Equity markets rebounded last week as trade tensions eased after a conciliatory speech by China’s President Xi Jinping and a POTUS tweet expressing interest in revisiting the TPP. While very much in the news, the Syrian conflict and further escalation of the Russian/POTUS investigation predictably had very little impact on markets. External drivers pushed energy (oil) and technology stocks higher last week while interest rates shifted higher across the curve.
- Q1 earnings season began last week. FactSet reported the S&P 500 consensus earnings growth expectation is 17.3% coming into earnings season. Over the past five years, 70% of companies beat expectations which has resulted in a 3% increase in estimated versus reported earnings.
- China’s President Xi Jinping, in true Chinese fashion, delivered a ‘yes, can do’ address which markets applauded and translated as trade capitulation. Real deals will take time to unfold.
- Tough U.S. sanctions last week against Russian 24 individuals and 12 companies in response to the Syrian chemical weapons assault sent the Ruble to its worst week since 1999.
- CME FedWatch tool, which calculates futures market probabilities of Fed rate hikes, is currently placing a 94.5% probability of a 0.25% rate hike in June. Probabilities placed on the total number of rate hikes in 2018 are 44% for three hikes and 21% for four hikes.
- Bloomberg reported that global debt of households, corporations, and governments jumped to a record high of $237 trillion last year and household debt as percentage of GDP moved to record highs in several developed nations (Canada, Norway, France, Sweden, Swiss). That said, the ratio of global debt/GDP fell for a fifth consecutive year thanks to improving global growth.
- Emerging markets have experienced rather disparate returns this month with Brazil and Russia down over 5% and 10% respectively while India, Mexico, and Hong Kong are positive in April.
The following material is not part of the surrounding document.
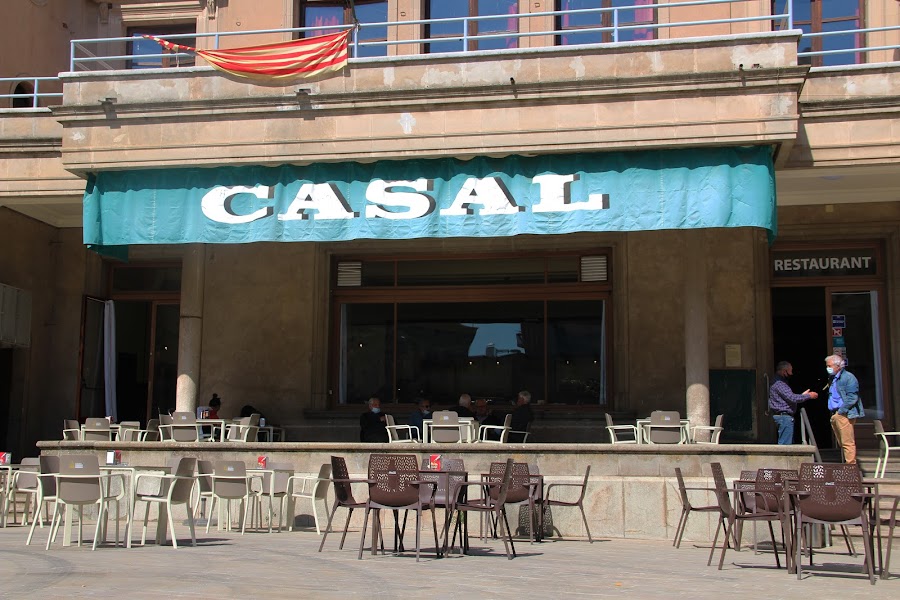 Casal de Cervera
- The March FOMC meeting minutes were released and detailed unanimous agreement that inflation is moving higher, the outlook is improved, and more tightening is needed.
- While U.S. data has been holding up relatively well, the Citi Economic Surprise Index for Europe has dropped to its lowest level in five years.
- Tensions in the Middle East and a talking point from Saudi Arabia about their desire for $80 oil (in front of the ‘19’20 Saudi Aramco IPO) sent WTI crude oil up 8.5% on the week, its highest level since 2014.
Economic Release Highlights
- Headline and core CPI registered 2.4% and 2.1% respectively, a relatively tame report that confirmed inflation is trending toward the Fed’s 2% PCE target.
- Headline and core PPI registered 3% and 2.7% respectively, slightly stronger than expected and exhibiting upward momentum suggesting more tailwinds for inflation data looking forward.
- This week marked 162 straight weeks of less than 300,000 jobless claims, surpassing the previous record of 161 weeks in 1970.
- Small business sentiment declined in March, however, it remains solidly positive and is well above the historical average reading of 96.6. Since the tax reform bill, businesses citing taxes as problematic fell to its lowest mark since 1982!